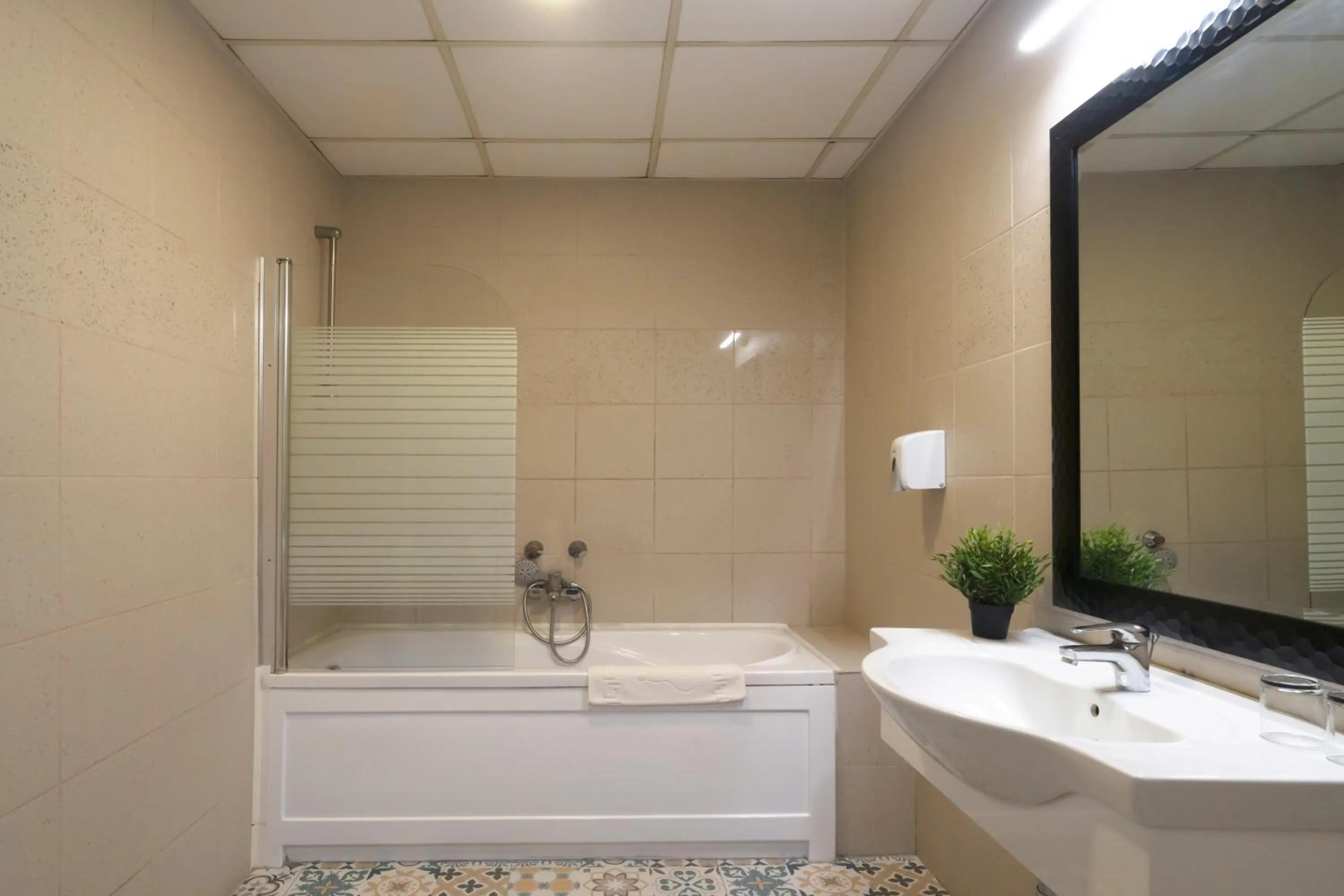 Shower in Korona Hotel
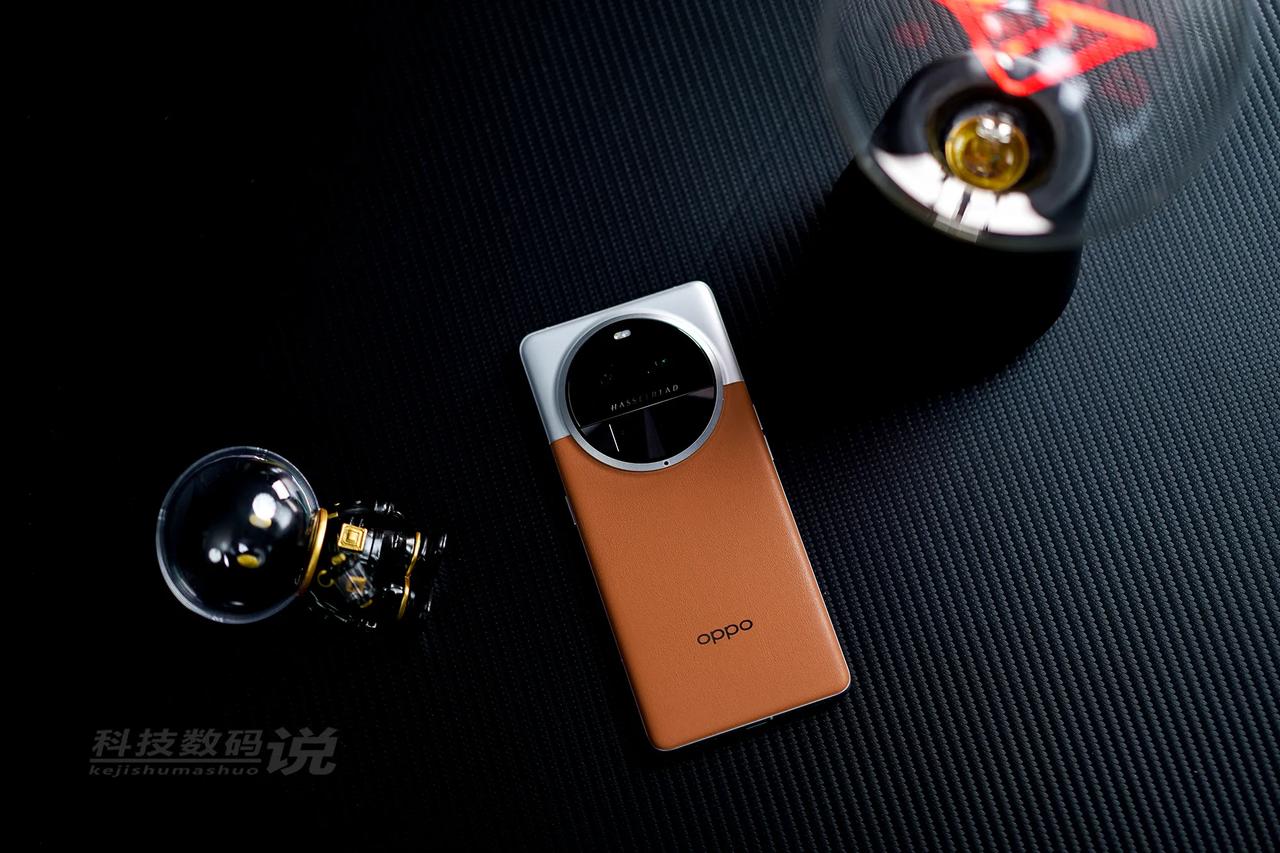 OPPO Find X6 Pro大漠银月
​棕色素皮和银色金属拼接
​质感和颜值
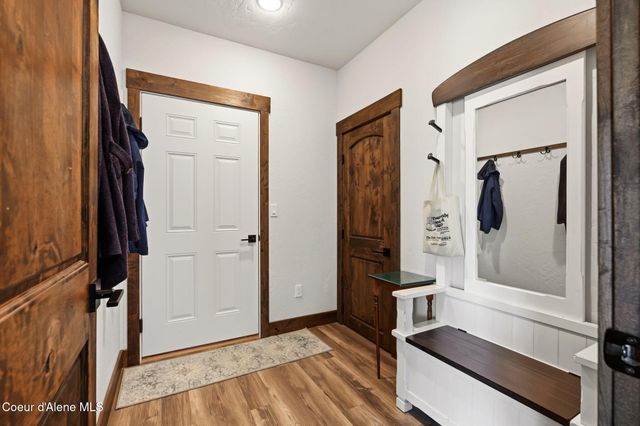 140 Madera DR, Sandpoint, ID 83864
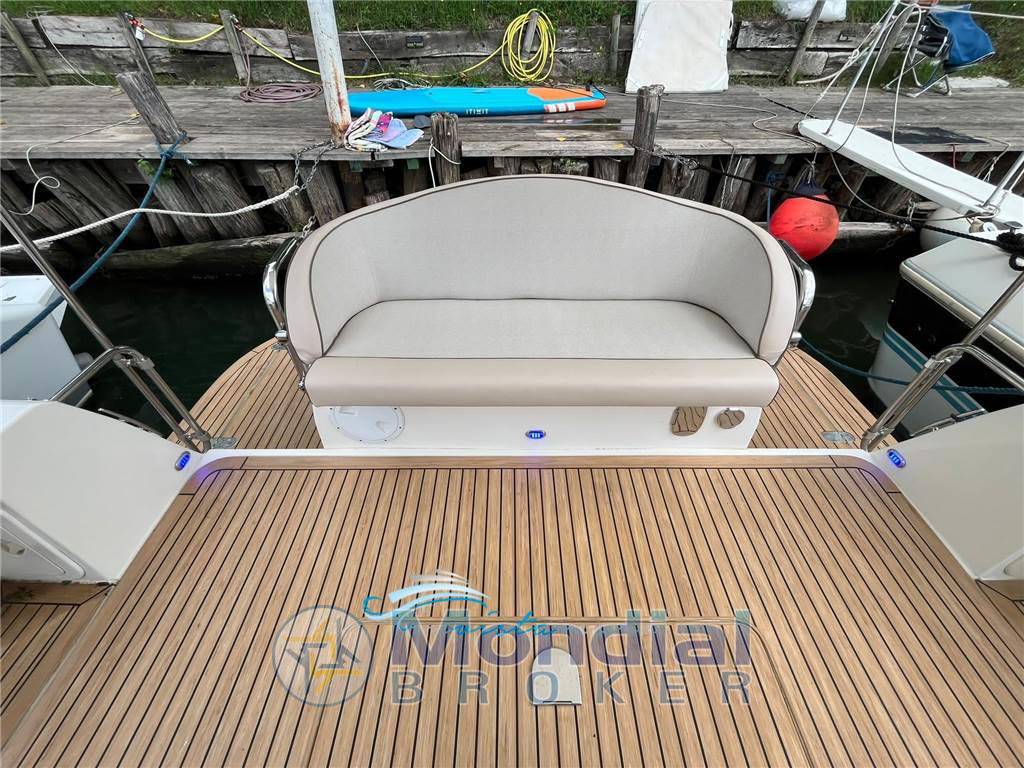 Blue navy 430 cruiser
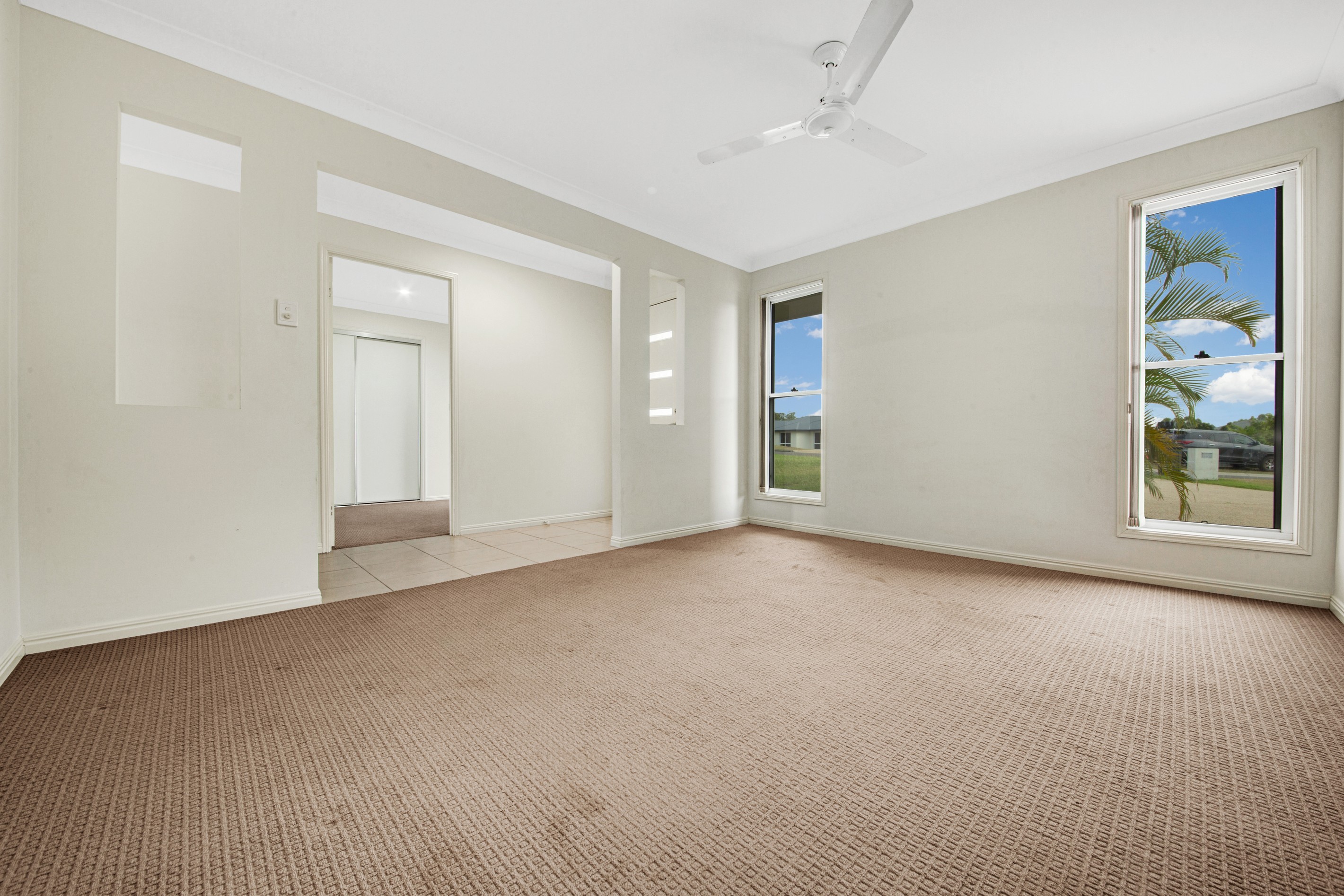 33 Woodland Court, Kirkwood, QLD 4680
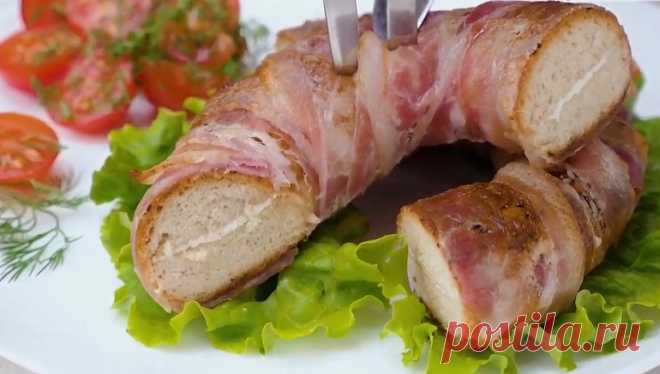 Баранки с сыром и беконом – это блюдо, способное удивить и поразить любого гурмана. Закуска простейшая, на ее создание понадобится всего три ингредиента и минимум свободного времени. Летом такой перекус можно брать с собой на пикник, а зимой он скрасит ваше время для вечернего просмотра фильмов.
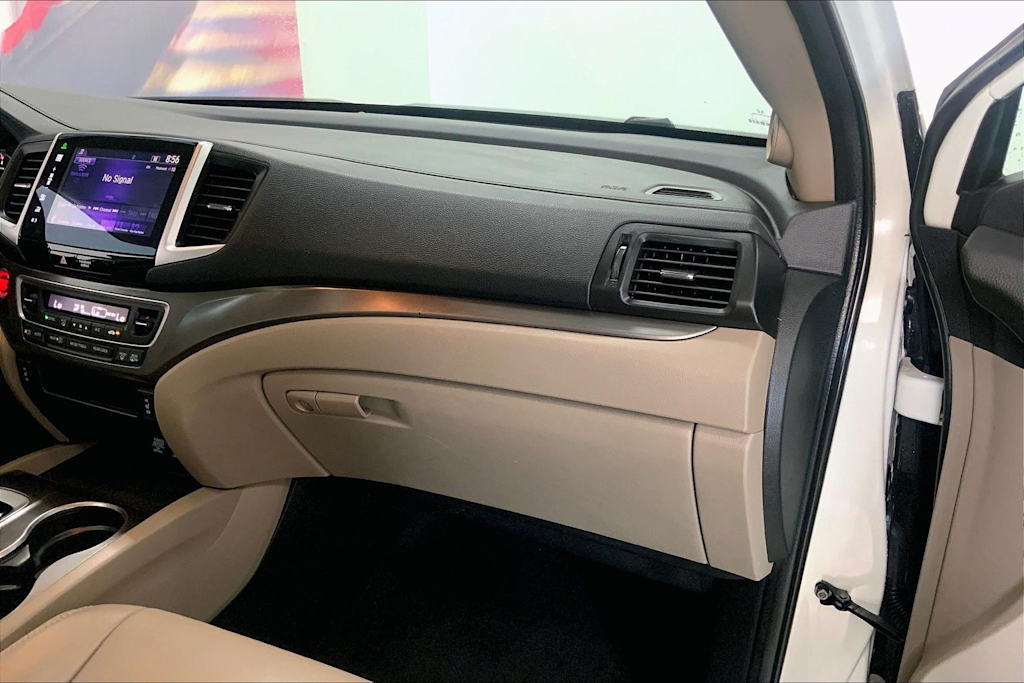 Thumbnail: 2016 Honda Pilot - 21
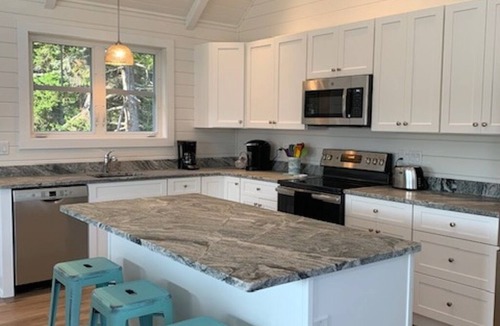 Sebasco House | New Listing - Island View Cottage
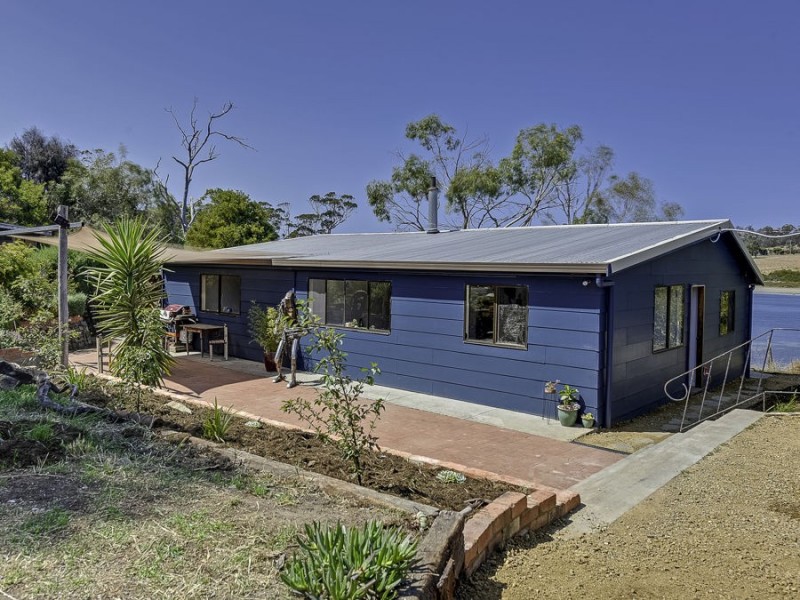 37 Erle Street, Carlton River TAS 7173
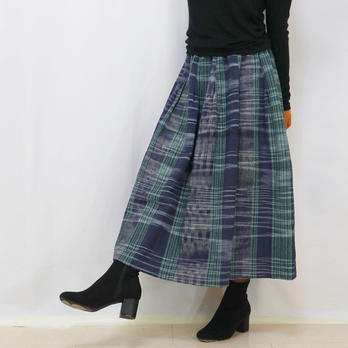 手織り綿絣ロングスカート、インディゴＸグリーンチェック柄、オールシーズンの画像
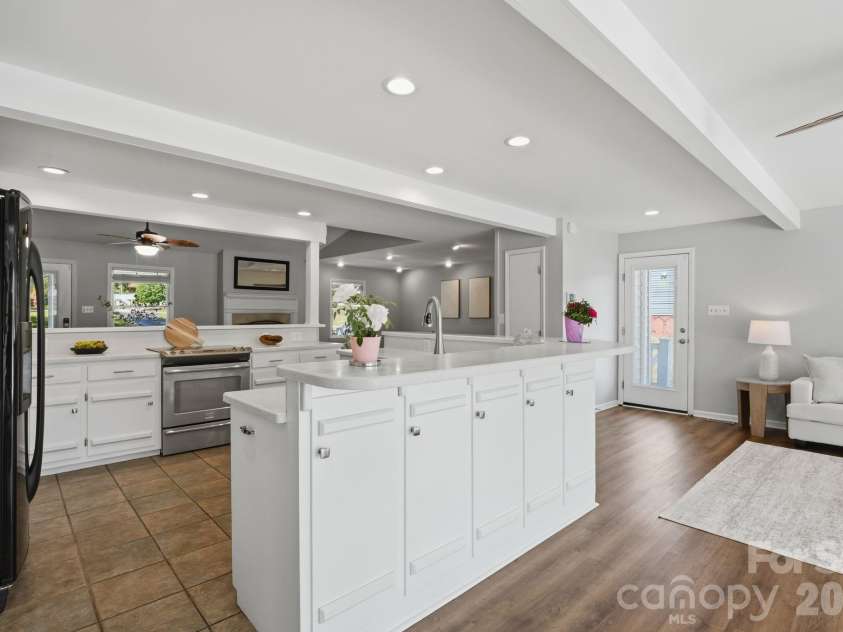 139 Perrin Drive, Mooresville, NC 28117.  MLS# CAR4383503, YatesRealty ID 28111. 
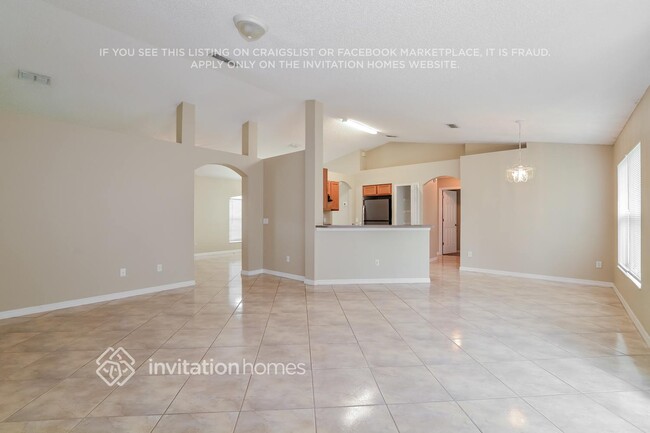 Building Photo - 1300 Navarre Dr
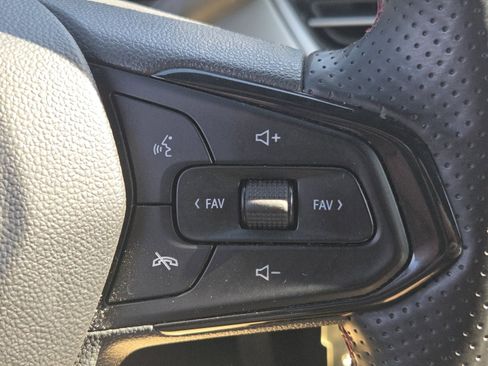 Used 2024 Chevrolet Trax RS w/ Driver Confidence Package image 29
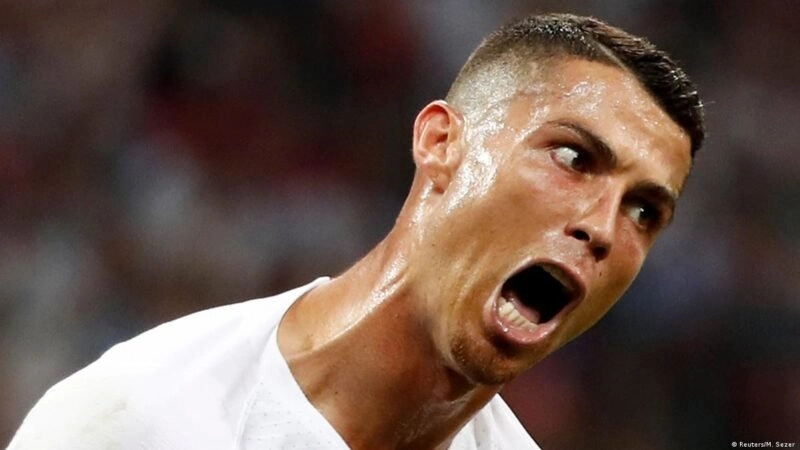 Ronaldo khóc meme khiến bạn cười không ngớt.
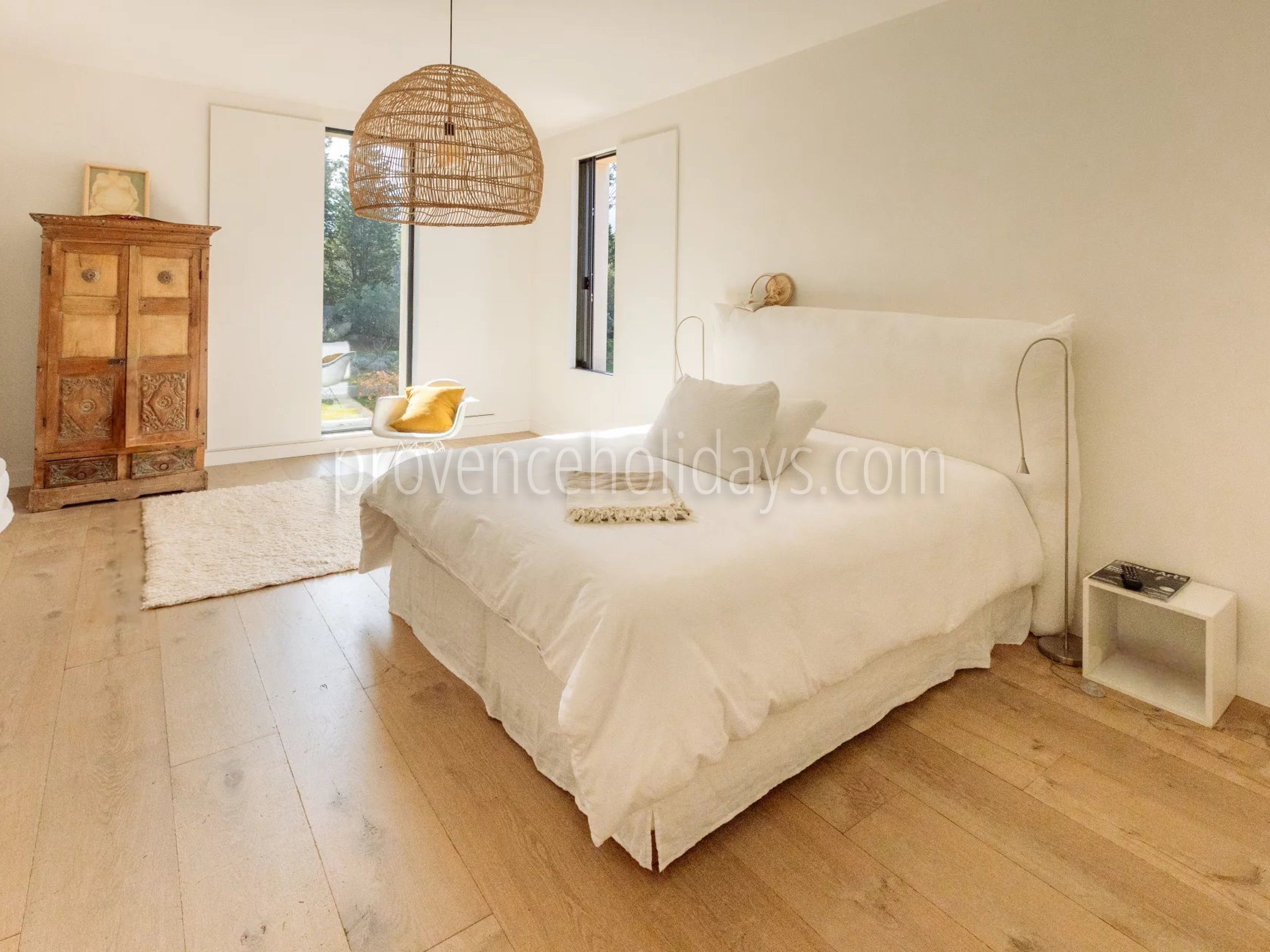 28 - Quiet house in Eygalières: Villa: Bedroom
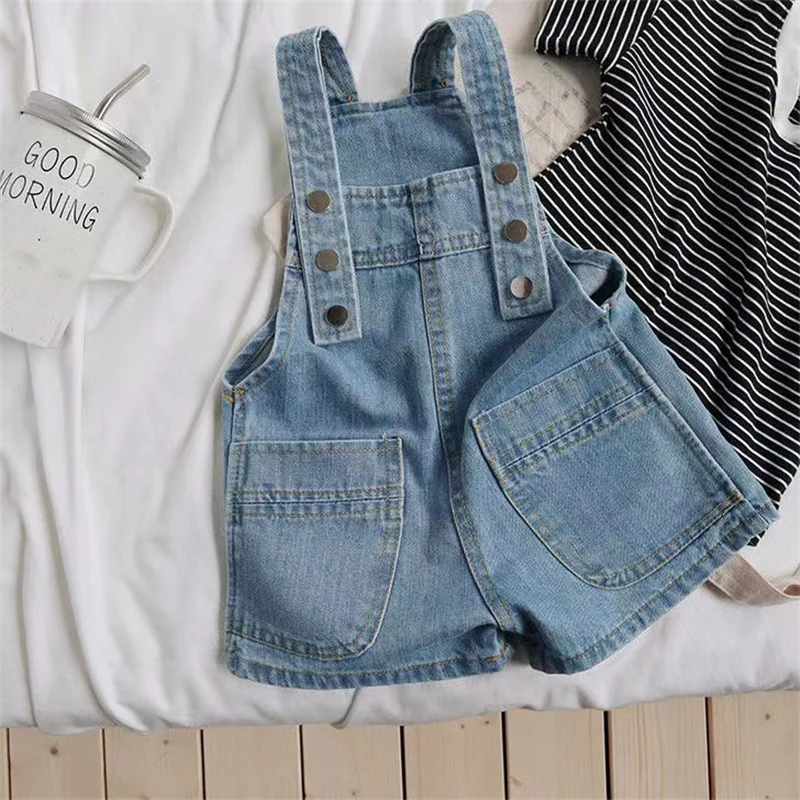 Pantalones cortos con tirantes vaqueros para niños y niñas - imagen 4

===============

When you retype the listing above, keep each line exactly as written and drop the pictures.

 Shower in Korona Hotel
 OPPO Find X6 Pro大漠银月
​棕色素皮和银色金属拼接
​质感和颜值
 140 Madera DR, Sandpoint, ID 83864
 Blue navy 430 cruiser
 33 Woodland Court, Kirkwood, QLD 4680
 Баранки с сыром и беконом – это блюдо, способное удивить и поразить любого гурмана. Закуска простейшая, на ее создание понадобится всего три ингредиента и минимум свободного времени. Летом такой перекус можно брать с собой на пикник, а зимой он скрасит ваше время для вечернего просмотра фильмов.
 Thumbnail: 2016 Honda Pilot - 21
 Sebasco House | New Listing - Island View Cottage
 37 Erle Street, Carlton River TAS 7173
 手織り綿絣ロングスカート、インディゴＸグリーンチェック柄、オールシーズンの画像
 139 Perrin Drive, Mooresville, NC 28117.  MLS# CAR4383503, YatesRealty ID 28111. 
 Building Photo - 1300 Navarre Dr
 Used 2024 Chevrolet Trax RS w/ Driver Confidence Package image 29
 Ronaldo khóc meme khiến bạn cười không ngớt.
 28 - Quiet house in Eygalières: Villa: Bedroom
 Pantalones cortos con tirantes vaqueros para niños y niñas - imagen 4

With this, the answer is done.